Copyright:  (c) 2011 A.M. Best Company, Inc.
Source:  A.M. Best Company, Inc.
Wordcount:  897

AMI Insurance Ltd., a mutual insurer in New Zealand, received a back-up financial package of up of NZ$500 million (US$388 million) from the government to secure sufficient capital to pay out insured claims related to the two earthquakes in Christchurch.

The intent of the package is to create certainty that all claims will be met, said Financial Minister Bill English in a statement. The government would invest the equity into AMI, with the right to take ownership and assume control if needed.

The financial support could be greater than NZ$500 million if AMI faces losses in excess of that amount, said English, who added "or indeed, they could be less," and the government would still stand behind the claims.

"This provides a financial backstop for policyholders so the rebuilding of Christchurch is not jeopardized by potential solvency or liquidity issues and so confidence is maintained in the insurance sector," said English. It is tool early to tell if AMI has sufficient resources to cover all these claims.

The government's support is "unusual" in New Zealand, but its intent is to retain confidence in the insurance sector, similar to the U.S. government's bailout of American International Group Inc. in 2008, said a spokesperson for AMI. The insurer has never received any government's financial support before, the spokesperson said.

A.M. Best Co. downgraded the financial strength rating of AMI Insurance Ltd. to A- (Excellent) from A+ (Superior) and issuer credit rating to "a-" from "aa-". Both ratings have been placed under review with negative implications. The downgrades reflect the negative impact on AMI's capitalization due to the latest loss development from the February earthquake in Christchurch. A.M. Best also said it is concerned with AMI's risk management in relation to its aggregate catastrophe exposures (BestWire, March 23, 2011).

Christchurch-based AMI is New Zealand's second-largest residential insurer, with 485,000 policyholders and 1.2 million policies across the country. It has more than 85,000 policyholders in Christchurch, with 225,000 policies, or about 35% of residential insurance market share in the city.

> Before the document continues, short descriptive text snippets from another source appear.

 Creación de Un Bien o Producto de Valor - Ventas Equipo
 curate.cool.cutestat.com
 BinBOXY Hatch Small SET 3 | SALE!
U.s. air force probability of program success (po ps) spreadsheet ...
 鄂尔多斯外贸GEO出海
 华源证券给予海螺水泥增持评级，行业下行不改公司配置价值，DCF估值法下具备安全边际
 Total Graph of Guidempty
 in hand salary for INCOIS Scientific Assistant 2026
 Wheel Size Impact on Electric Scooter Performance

AMI approached the government on March 9 with concerns that its reserves and reinsurance might not be sufficient to cover all of the claims related to the Christchurch earthquakes. The support package "would be called only as a last resort only if AMI's own reserves have been exhausted," said English. This also gives AMI time to seek a market solution.

"Our intention is to seek an alternative arrangement from the commercial sector to replace the government support facility, but that requires more time," said AMI Chief Executive John Balmforth in a statement. The sale of part of the company to a commercial partner or investor is among the options.

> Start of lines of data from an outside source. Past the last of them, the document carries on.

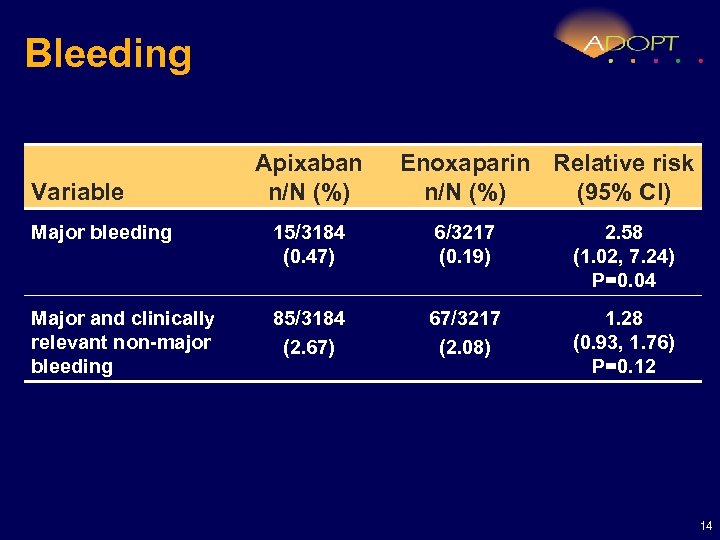 Bleeding Variable Apixaban n/N (%) Enoxaparin Relative risk n/N (%) (95% CI) Major bleeding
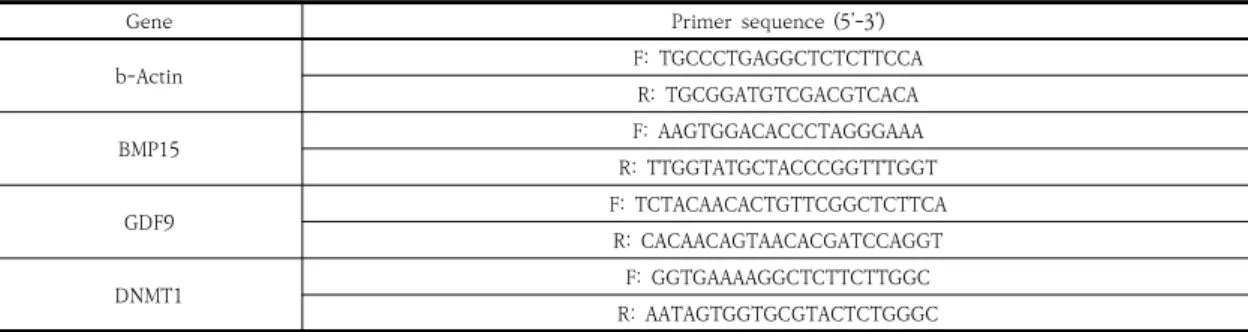 Table  2.  Effects  of  different  serum  and  FSH  on  the  nuclear  maturation  of  goat.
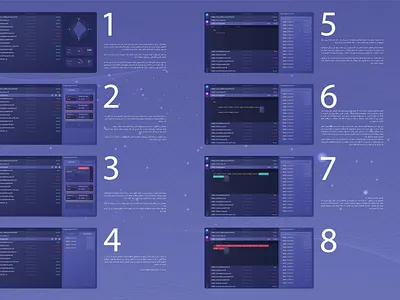 Telecommunication Code Warning System For Staff coding complex systems telecommunication ui ux warning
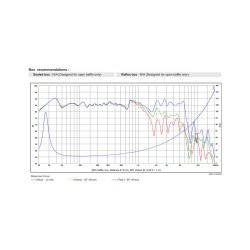 SB34NRX75-16ohm 12" woofer, 75mm VC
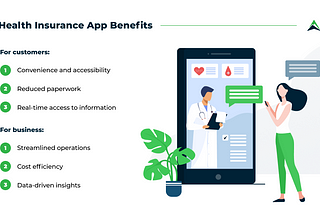 Health Insurance App Development: Key Features and Benefits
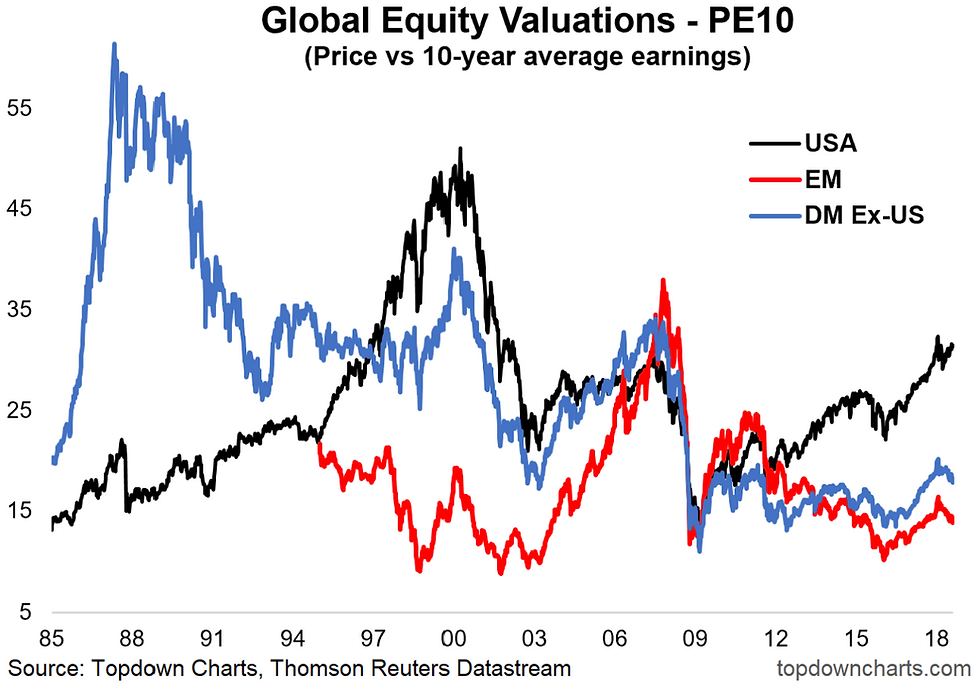 global equity relative value chart - PE10 or CAPE valuation ratio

The issue by AMI of convertible redeemable preferences shares allows a capital injection from government up to a maximum of NZ$500 million. "This is a commercial arrangement with the government," said Balmforth. The mutual insurer "will not draw down on the capital facility from government unless we have to."

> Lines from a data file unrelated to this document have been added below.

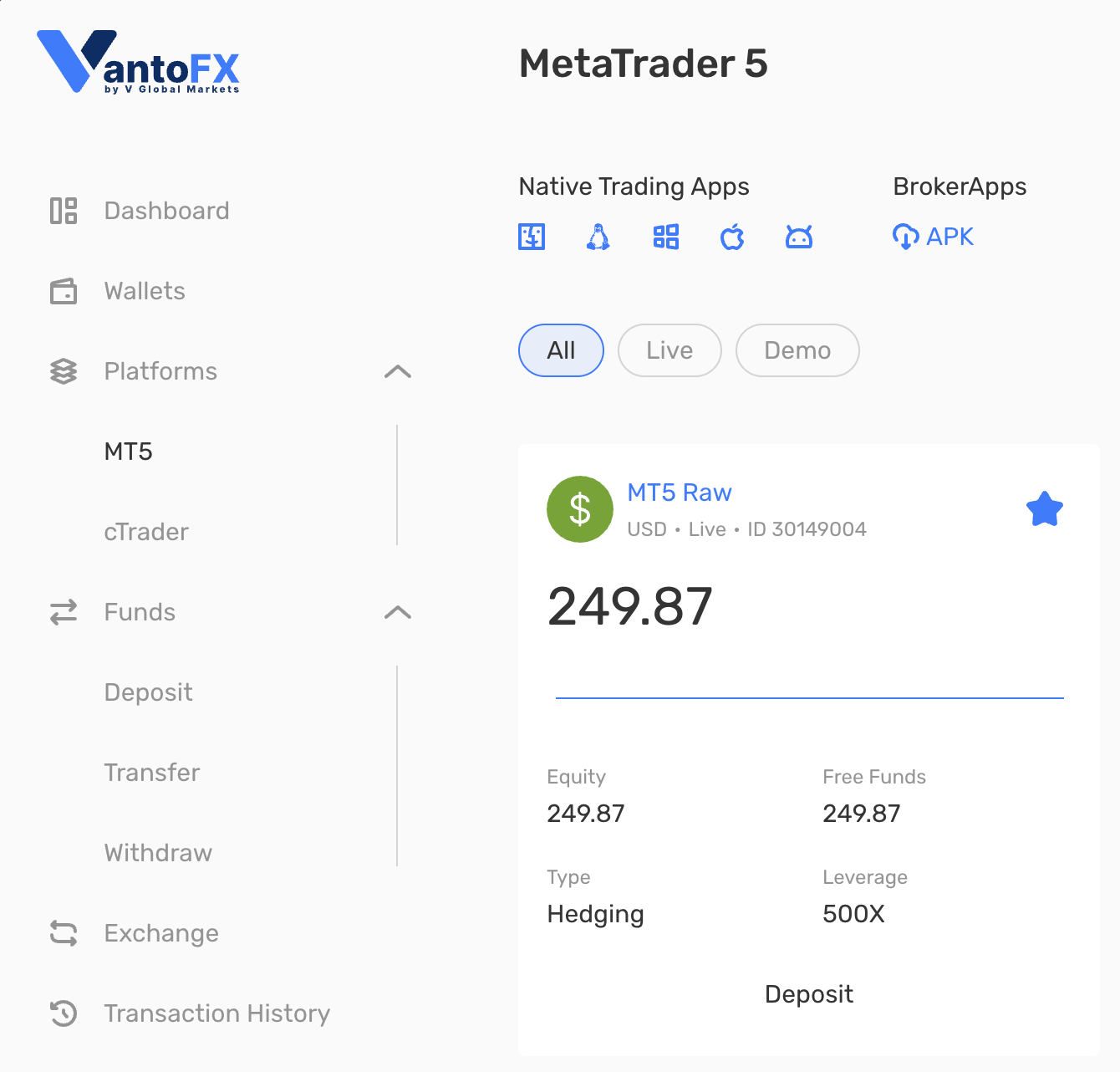 MT5 Client Portal
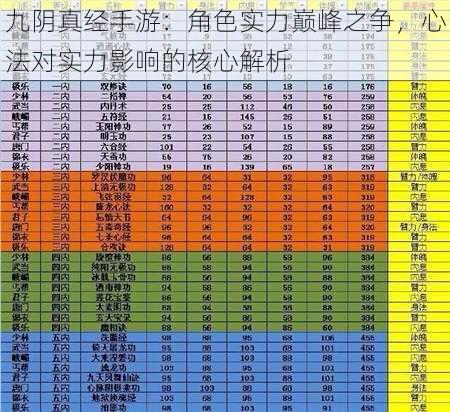 九阴真经手游：角色实力巅峰之争，心法对实力影响的核心解析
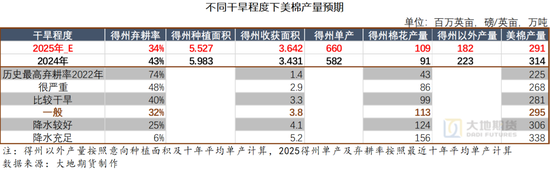 棉花：矛盾在解决中，但效果有限(🏗)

"The Feb. 22 [earthquake] has tested our reinsurance levels, but we have over NZ$350 million of reserves. Time will tell whether these will be sufficient," said Balmforth. With the government support, he said the insurer should have sufficient capital to pay out claims and business will continue as usual.

AMI's solvency margin ratio now stands at around 110 to 115, a similar level as before the February earthquake, said AMI.

In the wake of two earthquakes in Christchurch, New Zealand's insurers have faced similar uncertainty on claims exposure. Recently, Western Pacific Insurance Ltd. went into liquidation after concerns about its solvency. The Queenstown-based nonlife insurer wrote commercial and personal lines products, with about 7,000 policyholders in the country.

"Western Pacific faces different issues and is of a different scale and significance to the rebuilding of Christchurch. In this case, there is no compelling case for taxpayer intervention and this commercial failure will be handled in the normal commercial manner," said English.

AMI is in an unusual situation as it is a significant insurance company with a large proportion of its customer base in Christchurch, said English. The government was not in talks with any other insurance companies. The situation needs to be evaluated on a case by base basis.

"The Reserve Bank's assessment so far is that the bulk of mainstream insurance sector is sound and functioning well," said English. New Zealand's insurance industry has sufficient reinsurance and reserves to cover households insured in the primary market.

AMI said it has further purchased reinsurance cover of NZ$1 billion to meet a third event and additional back-up cover to meet a fourth event should they occur before June 30, 2011.

Damage from the first Christchurch quake on Sept. 4 last year was consistent with predictions and well within AMI's resources. "There was no evidence that an extension to AMI's reinsurance cover above NZ$600 million for the second event was warranted," said the mutual insurer. However, the second earthquake occurred in the same area and caused a higher level of damage and heavier demand on AMI's resources.

The February earthquake is expected to cost economic losses of between NZ$10 billion and NZ$15 billion, two to three times the estimated NZ$5 billion loss of the first quake last September, according to the finance ministry. The cost will be shared between the central government, insurers, local government and businesses.